Task directions:
Transcribe the data as written, minus images.

Caption-style text data:
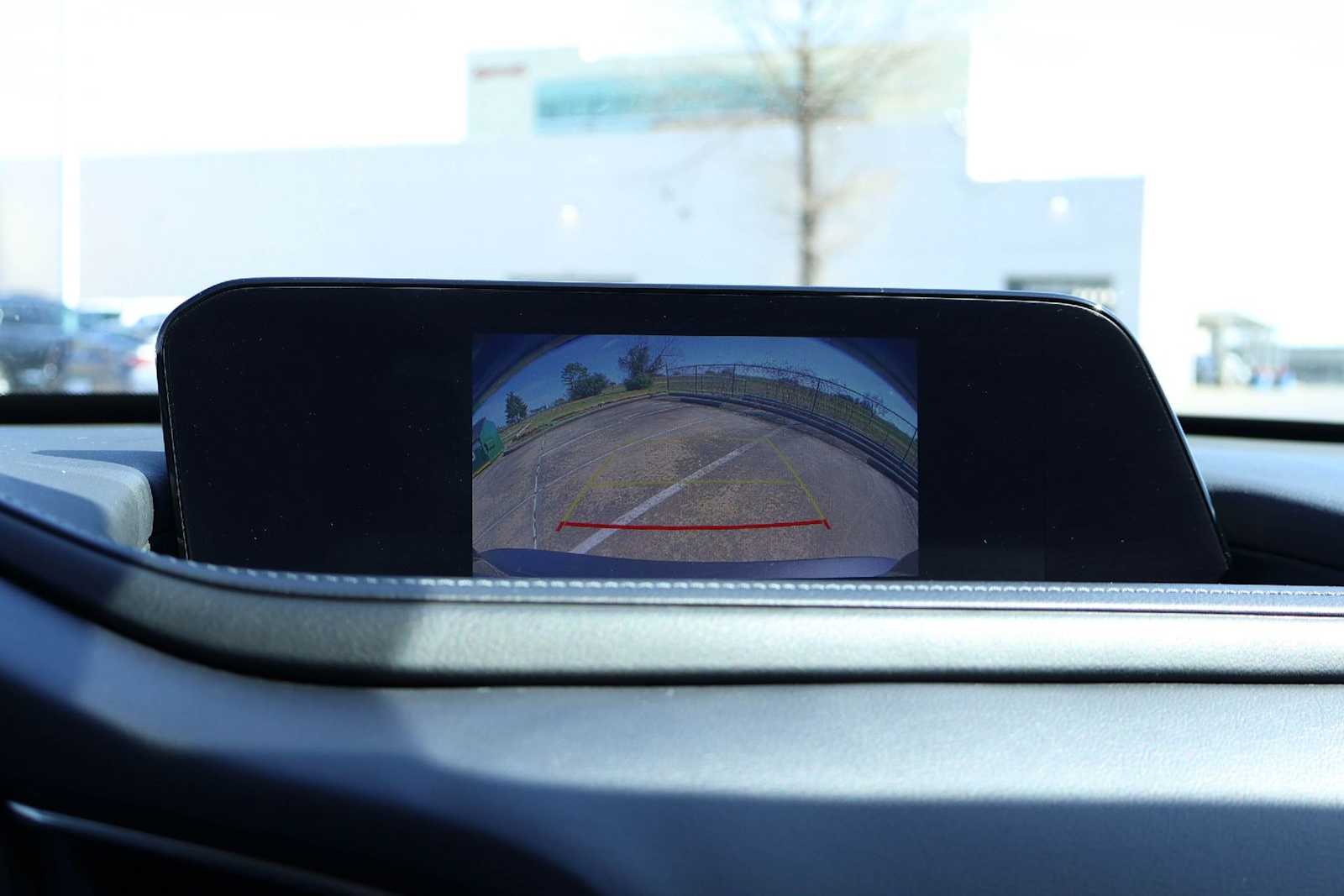 Thumbnail: 2024 Mazda CX-30 - 26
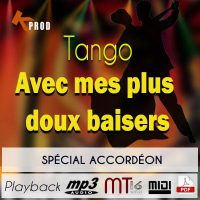AVEC MES PLUS DOUX BAISERS - Tango_Playback_Cover_Partition_Midifile_Karazik.jpg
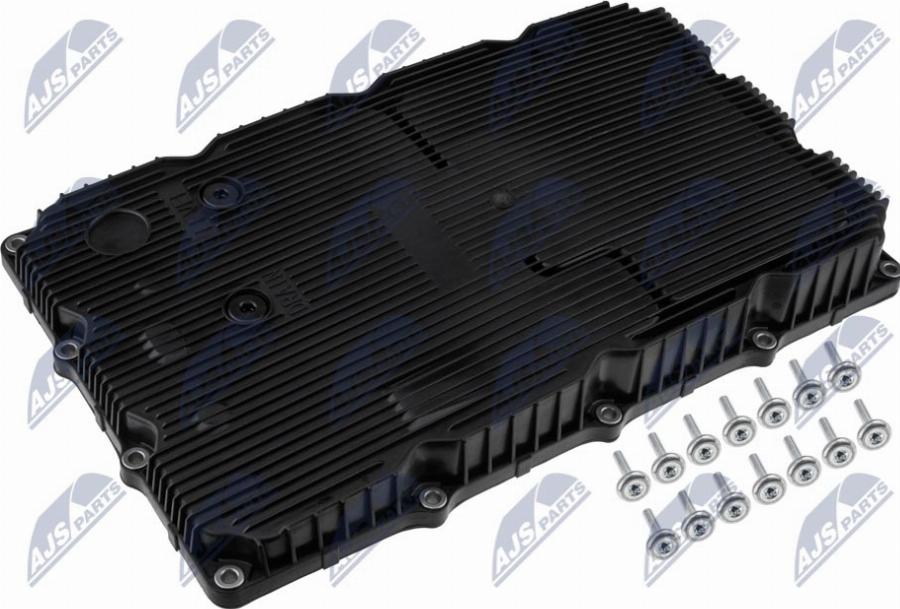 NTY FSF-HY-010 - Гідрофільтри, автоматична коробка передач autozip.com.ua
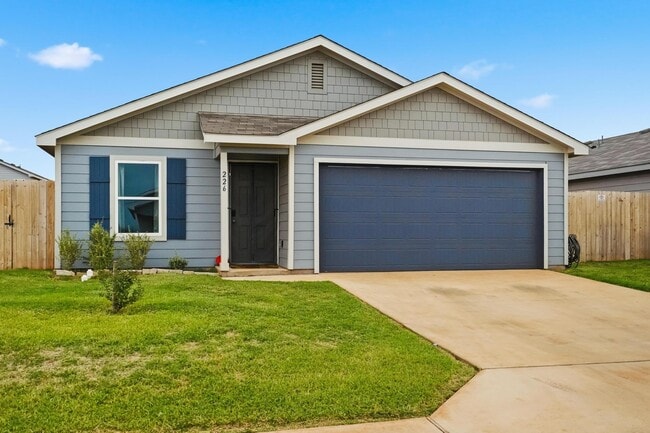 Building Photo - 226 Sage Brush Dr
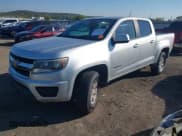 ✅ 2016 Chevrolet Colorado 2WD WT • VIN: 1GCGSBEA3G1214202 • Lot: 43436448. Listed on IAAI with 177,659 mi. Free auction sales archive from the USA and detailed vehicle history report at DreamBid. Image 18.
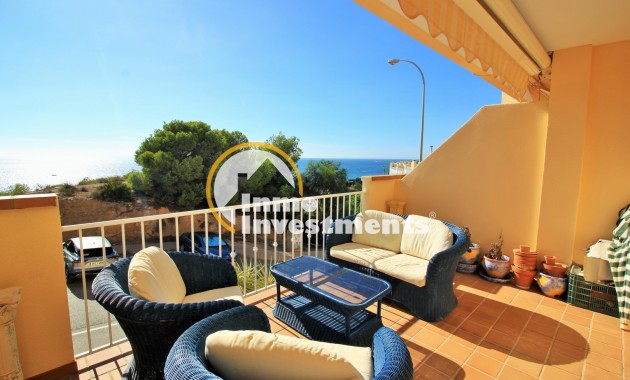 Resale - Apartment - Cabo Roig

Solved problem:
 Thumbnail: 2024 Mazda CX-30 - 26
AVEC MES PLUS DOUX BAISERS - Tango_Playback_Cover_Partition_Midifile_Karazik.jpg
 NTY FSF-HY-010 - Гідрофільтри, автоматична коробка передач autozip.com.ua
 Building Photo - 226 Sage Brush Dr
 ✅ 2016 Chevrolet Colorado 2WD WT • VIN: 1GCGSBEA3G1214202 • Lot: 43436448. Listed on IAAI with 177,659 mi. Free auction sales archive from the USA and detailed vehicle history report at DreamBid. Image 18.
 Resale - Apartment - Cabo Roig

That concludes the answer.